Management of Low-Risk Polycythemia Vera

Harry P. Erba, MD, PhD: Krisstina, coming back to you, I want you to concentrate now on a low-risk patient. They don’t have any cardiovascular risk factors, and they’re not as aged as most of the panel members today: over 60. They haven’t had a thrombotic episode. They might be having microcirculatory symptoms, dizziness, fatigue, or confusion, trouble finding words, whatever it might be. Migraine headaches, for example. Comment on the use of phlebotomy and low-dose aspirin in that group of patients. Does the patient have to have symptoms for you to initiate phlebotomy and aspirin therapy for that low-risk patient?

Krisstina Gowin, DO: For low-risk polycythemia vera patients, we approach all patients with low-dose aspirin, 81 mg or 100 mg daily, with concurrent phlebotomy, with that important hematic profile that Dr Jamile Shammo mentioned, or that 4-fold increase in thrombotic events or cardiovascular death. As a blanket recommendation, for those who are diagnosed with low-risk PV, we approach those patients in that way.

Regarding the symptoms, certainly there are a group of patients who will have significant associated microvascular symptoms: pathognomonic aquagenic pruritus and very symptomatic fatigue. In fact, this is the most commonly associated symptom, which was beautifully shown in a landmark study that patients are afflicted with it, and it can affect their activities of daily living.

In these patients, although we are definitely treating them and optimizing their hematic profile and decreasing their thrombotic risks with recurrent aspirin, we need to be assessing their symptom burden as an end point of care in combination with the hematologic parameters we’re targeting.

Regarding the microvascular symptoms, you can increase the dose of aspirin in some patients and have some modest benefit. There are some additive, supportive care maneuvers that you can certainly entertain for the pruritus, and gabapentin has been used to some additional help. I’d be interested in some of the other panel members’ unique supportive care maneuvers that they’re doing for symptom burden.

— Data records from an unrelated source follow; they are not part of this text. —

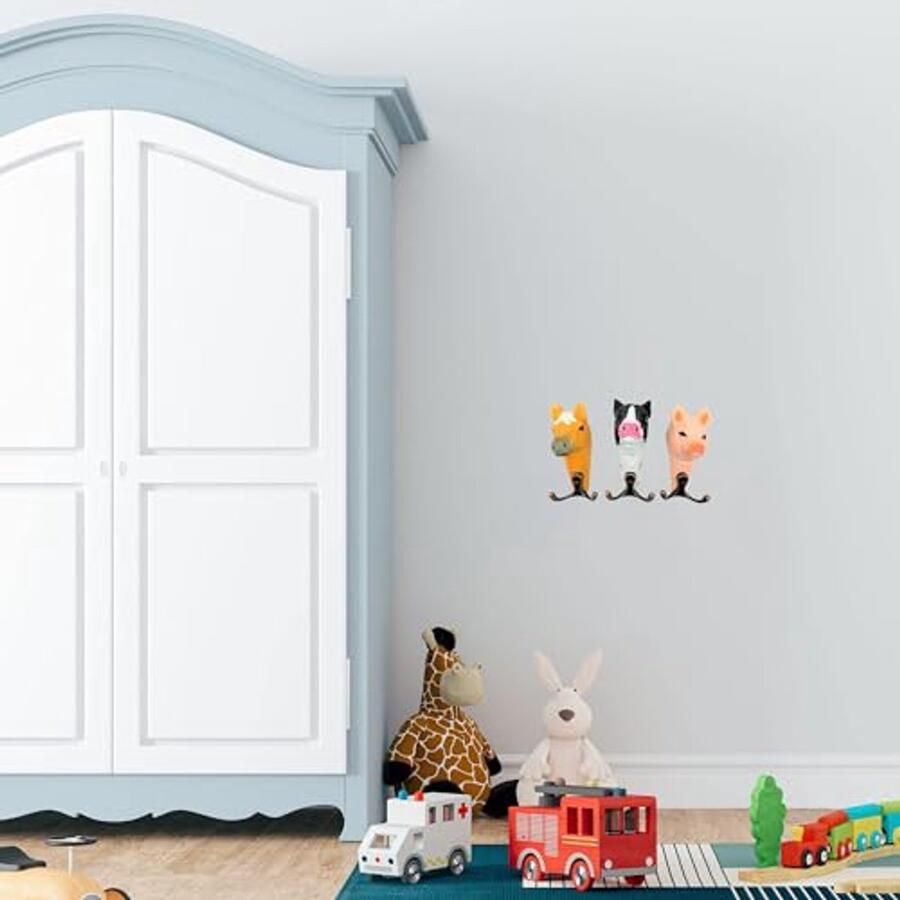 Your castle muurhaken boerderijdier familie dierenkoppen 2-voudige houten kapstokhaken set van 3 paard koe varken 11 x 6 cm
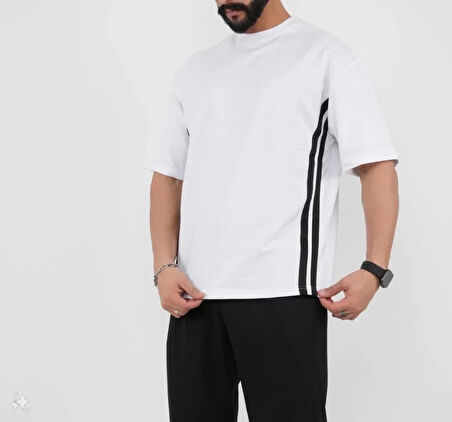 AKNButik Unisex Oversize Yanları Şeritli T-Shirt - Beyaz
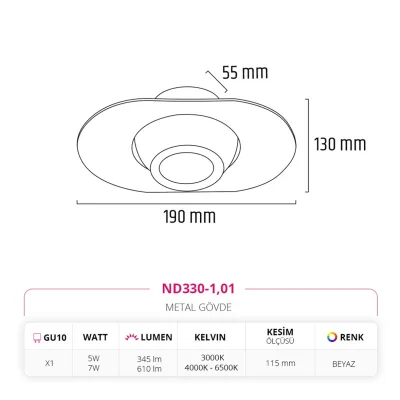 Nevo Sıva Altı Led Spot Beyaz Nd330-1 — 3. görsel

Thinking about symptom burden as equally important as the hematologic profile. Direct your therapy for your low-risk disease, and if it’s not adequately controlled, then think about second-line therapies.

Harry P. Erba, MD, PhD: Krisstina, give our viewers a bit more understanding: How often are you monitoring a CBC or a hematocrit in your patients with PV?

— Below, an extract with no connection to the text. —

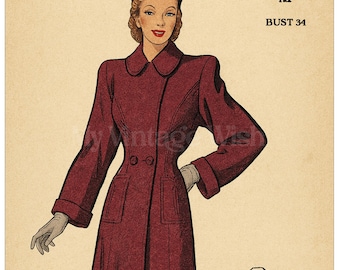 1940s Panelled Coat with Pockets PDF Sewing Pattern Bust 34
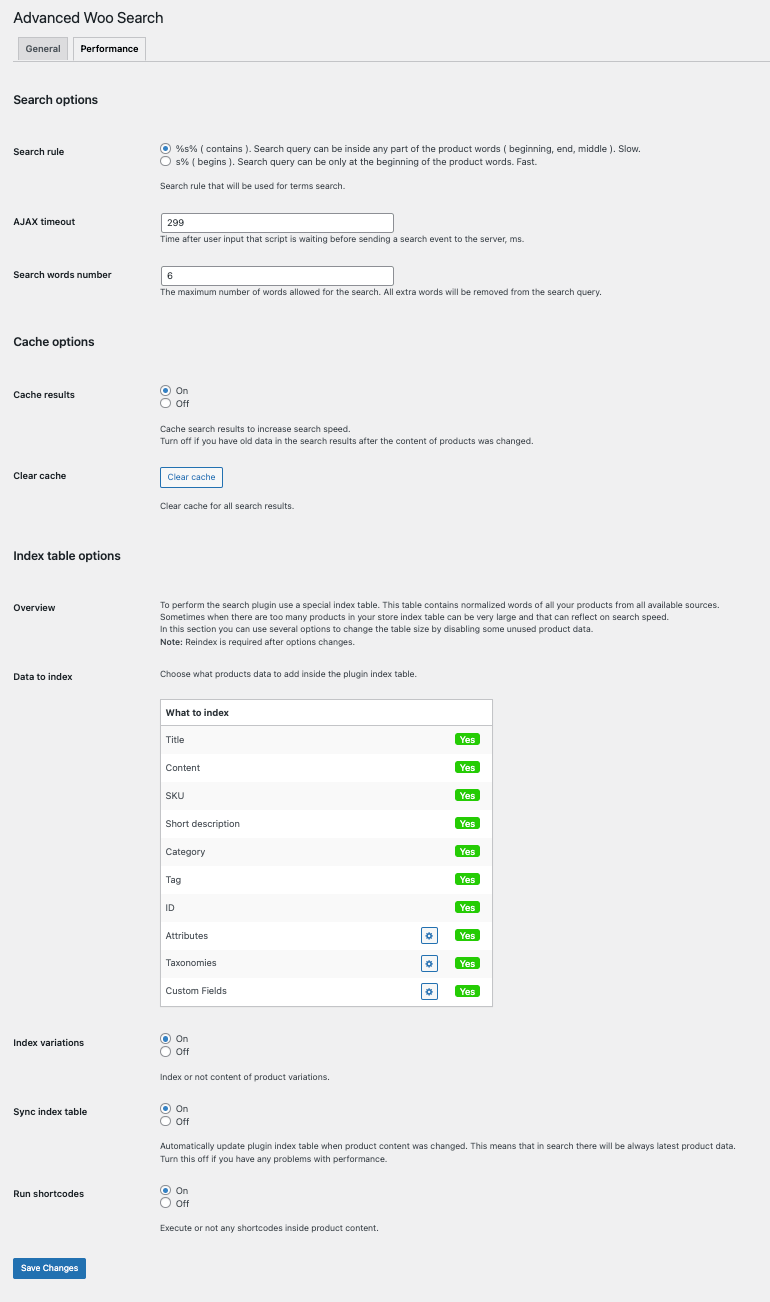 Performance settings page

Krisstina Gowin, DO: There are different phases. As you’re initially meeting a patient, you’re in an induction phase. You’re trying to be more aggressive: assess more aggressively and treat more aggressively, perhaps with more frequent phlebotomies.

For those patients, I’m seeing them every 2 to 4 weeks and making adjustments and recommendations for phlebotomy until we obtain adequate control. Once they’ve attained adequate hematologic and symptomatic control, you can start stretching out that monitoring frequency to every 2 to 3 months.